WHAT YOU SHOULD DO:
Only one stretch of the data below should be repeated: the lines from the line containing "Preparation method of" through the line containing "Nợ thuế vài", inclusive, exactly as they are.

Start of Block

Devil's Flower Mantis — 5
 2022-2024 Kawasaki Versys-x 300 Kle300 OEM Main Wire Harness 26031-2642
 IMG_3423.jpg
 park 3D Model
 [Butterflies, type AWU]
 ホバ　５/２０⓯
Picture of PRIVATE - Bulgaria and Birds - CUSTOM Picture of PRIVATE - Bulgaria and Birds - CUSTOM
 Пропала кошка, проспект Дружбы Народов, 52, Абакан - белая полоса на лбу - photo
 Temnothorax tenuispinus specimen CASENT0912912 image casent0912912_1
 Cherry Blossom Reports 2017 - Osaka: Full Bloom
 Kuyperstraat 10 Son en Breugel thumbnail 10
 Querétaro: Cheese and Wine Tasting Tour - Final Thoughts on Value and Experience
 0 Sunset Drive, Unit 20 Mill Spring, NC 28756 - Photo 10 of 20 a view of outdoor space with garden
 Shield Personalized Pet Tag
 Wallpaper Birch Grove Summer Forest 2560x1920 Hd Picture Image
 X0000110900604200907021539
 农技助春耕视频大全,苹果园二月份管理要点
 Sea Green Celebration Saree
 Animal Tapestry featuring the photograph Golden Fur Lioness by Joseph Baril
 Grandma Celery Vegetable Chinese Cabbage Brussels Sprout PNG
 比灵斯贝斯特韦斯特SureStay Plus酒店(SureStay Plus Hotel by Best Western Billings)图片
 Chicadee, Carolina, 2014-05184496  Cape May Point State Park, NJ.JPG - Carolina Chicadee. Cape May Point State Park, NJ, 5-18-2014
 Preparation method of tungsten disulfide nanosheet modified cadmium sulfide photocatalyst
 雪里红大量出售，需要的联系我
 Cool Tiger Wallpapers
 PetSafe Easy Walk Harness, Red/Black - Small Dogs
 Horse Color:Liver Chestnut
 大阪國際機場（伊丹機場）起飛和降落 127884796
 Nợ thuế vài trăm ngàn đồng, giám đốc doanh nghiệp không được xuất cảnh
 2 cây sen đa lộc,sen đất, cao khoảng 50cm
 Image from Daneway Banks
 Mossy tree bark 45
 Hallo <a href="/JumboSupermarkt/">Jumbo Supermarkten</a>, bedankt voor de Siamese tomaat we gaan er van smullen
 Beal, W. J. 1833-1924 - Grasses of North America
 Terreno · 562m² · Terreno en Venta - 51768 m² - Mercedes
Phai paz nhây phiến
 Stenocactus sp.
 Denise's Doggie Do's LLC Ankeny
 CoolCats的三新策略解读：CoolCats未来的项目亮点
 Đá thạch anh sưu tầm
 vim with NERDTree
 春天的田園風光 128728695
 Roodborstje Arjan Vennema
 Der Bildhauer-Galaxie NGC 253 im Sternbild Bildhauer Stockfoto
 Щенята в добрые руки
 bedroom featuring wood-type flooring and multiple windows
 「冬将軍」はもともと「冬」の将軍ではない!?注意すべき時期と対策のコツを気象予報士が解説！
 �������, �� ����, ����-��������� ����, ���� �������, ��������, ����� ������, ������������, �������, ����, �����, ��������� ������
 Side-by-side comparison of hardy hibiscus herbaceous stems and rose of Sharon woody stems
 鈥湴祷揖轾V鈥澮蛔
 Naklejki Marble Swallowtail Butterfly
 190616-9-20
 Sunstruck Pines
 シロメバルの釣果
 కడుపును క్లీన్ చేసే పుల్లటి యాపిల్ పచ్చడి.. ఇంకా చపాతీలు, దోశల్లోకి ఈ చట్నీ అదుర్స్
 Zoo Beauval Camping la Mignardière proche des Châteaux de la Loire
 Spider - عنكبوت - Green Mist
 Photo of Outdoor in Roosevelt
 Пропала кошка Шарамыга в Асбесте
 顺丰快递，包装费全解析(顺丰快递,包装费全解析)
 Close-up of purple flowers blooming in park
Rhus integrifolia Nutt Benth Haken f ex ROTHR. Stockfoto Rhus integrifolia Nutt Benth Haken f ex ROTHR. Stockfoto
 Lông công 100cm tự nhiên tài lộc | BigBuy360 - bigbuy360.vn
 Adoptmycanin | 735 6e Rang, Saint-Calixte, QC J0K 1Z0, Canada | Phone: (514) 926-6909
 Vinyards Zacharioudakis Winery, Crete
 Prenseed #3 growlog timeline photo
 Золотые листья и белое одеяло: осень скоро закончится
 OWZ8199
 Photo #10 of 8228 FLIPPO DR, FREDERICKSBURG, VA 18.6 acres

End of Block

RESPONSE TO THE EXERCISE:
 Preparation method of tungsten disulfide nanosheet modified cadmium sulfide photocatalyst
 雪里红大量出售，需要的联系我
 Cool Tiger Wallpapers
 PetSafe Easy Walk Harness, Red/Black - Small Dogs
 Horse Color:Liver Chestnut
 大阪國際機場（伊丹機場）起飛和降落 127884796
 Nợ thuế vài trăm ngàn đồng, giám đốc doanh nghiệp không được xuất cảnh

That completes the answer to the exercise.